Based on that I would suspect the voltage doubler then (the 2 diodes and the 2 capacitors in the Delon circuit C12 C13 http://en.wikipedia.org/wiki/Voltage_doubler) as well as C110. You say you've replaced the diodes, so I'd look at the two power caps (safely discharge them first via say a 22K resistor across the terminals without touching any terminal with your hand) You could also check that when powered up that the voltage at the junction of C12/C13 is (almost) exactly half the voltage at the junction of C12/R20. If it isn't, then the cap with the significantly lower voltage drop may have gone leaky. A 100uF 400V power cap is only going to cost less than $10 to replace if that's the issue and you don't mind using a non-vintage replacement.

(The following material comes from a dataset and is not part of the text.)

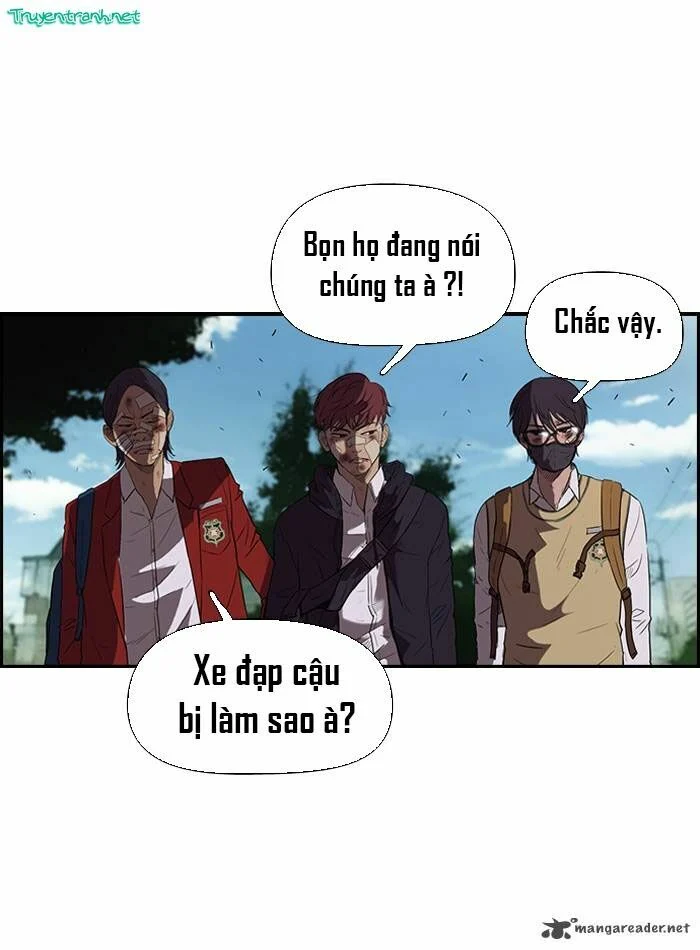 thể thao cực hạn Chapter 44 - Next chapter 45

Now if you need to measure the balancing: There's no real way to do this easily on this compressor. You can either place your multimeter in series with one winding of the output transformer and the anode in current measurement mode in turn to measure the current directly. Or you can insert 100 ohm resistors in series between the anode of each half of the valve and the corresponding tap of output transformer (pin 1 to red & pin 6 to red/white) and measure the voltage on either side of these resistors to ground. With 10mA of total current you'll only drop maximum one volt across this resistor even if it is 100% unbalanced.... Current in each leg = (V anode - V output transformer)/100). They should match for proper operation. Normally this occurs pretty naturally due to the natural negative feedback within the valves themselves, but it could still be faulty/ non matched valves.
So I'd concentrate on the power supply side first as it's an easier test, and you've already tried 3 different valves.